Task directions. With both ends included, repeat exactly the lines of the entries below from the one containing "Muir Creek and" down to the one containing "请问白色卷毛狗的品种是什么？ 卷毛犬", and no others.

Dataset excerpts:
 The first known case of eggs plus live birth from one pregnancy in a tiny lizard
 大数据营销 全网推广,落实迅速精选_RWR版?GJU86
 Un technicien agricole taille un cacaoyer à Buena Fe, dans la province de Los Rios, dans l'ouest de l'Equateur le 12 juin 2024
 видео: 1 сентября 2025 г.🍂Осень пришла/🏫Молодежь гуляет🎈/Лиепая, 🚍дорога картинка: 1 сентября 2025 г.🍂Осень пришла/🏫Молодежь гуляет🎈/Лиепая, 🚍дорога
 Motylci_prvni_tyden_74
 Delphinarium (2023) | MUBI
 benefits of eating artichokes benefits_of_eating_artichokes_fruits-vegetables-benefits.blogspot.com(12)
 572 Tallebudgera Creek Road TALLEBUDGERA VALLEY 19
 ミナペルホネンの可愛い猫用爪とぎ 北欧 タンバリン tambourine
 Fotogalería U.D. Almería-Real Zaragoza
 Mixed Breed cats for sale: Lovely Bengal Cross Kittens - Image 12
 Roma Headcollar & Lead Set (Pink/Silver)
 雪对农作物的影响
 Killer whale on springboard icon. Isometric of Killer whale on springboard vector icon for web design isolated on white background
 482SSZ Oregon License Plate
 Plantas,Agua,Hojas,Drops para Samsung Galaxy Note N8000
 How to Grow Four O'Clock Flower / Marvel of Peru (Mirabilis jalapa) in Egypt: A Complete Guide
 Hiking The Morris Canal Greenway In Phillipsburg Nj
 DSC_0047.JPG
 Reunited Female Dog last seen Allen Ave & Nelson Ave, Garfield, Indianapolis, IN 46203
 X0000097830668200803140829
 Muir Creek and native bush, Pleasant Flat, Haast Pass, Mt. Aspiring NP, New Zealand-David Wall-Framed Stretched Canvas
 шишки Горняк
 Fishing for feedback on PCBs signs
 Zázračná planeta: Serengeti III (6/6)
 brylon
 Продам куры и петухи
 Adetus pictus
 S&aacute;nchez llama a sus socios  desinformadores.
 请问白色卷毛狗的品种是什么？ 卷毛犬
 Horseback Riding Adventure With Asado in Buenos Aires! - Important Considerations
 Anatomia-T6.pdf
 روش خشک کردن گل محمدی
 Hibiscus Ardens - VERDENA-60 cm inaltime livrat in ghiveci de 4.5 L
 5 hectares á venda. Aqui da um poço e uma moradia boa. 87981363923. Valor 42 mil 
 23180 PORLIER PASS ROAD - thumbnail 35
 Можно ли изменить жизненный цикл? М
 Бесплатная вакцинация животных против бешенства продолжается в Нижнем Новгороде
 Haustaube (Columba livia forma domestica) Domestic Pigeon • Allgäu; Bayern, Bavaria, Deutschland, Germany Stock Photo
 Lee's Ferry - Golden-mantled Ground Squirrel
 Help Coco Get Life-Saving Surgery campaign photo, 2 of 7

Your solution.
 Muir Creek and native bush, Pleasant Flat, Haast Pass, Mt. Aspiring NP, New Zealand-David Wall-Framed Stretched Canvas
 шишки Горняк
 Fishing for feedback on PCBs signs
 Zázračná planeta: Serengeti III (6/6)
 brylon
 Продам куры и петухи
 Adetus pictus
 S&aacute;nchez llama a sus socios  desinformadores.
 请问白色卷毛狗的品种是什么？ 卷毛犬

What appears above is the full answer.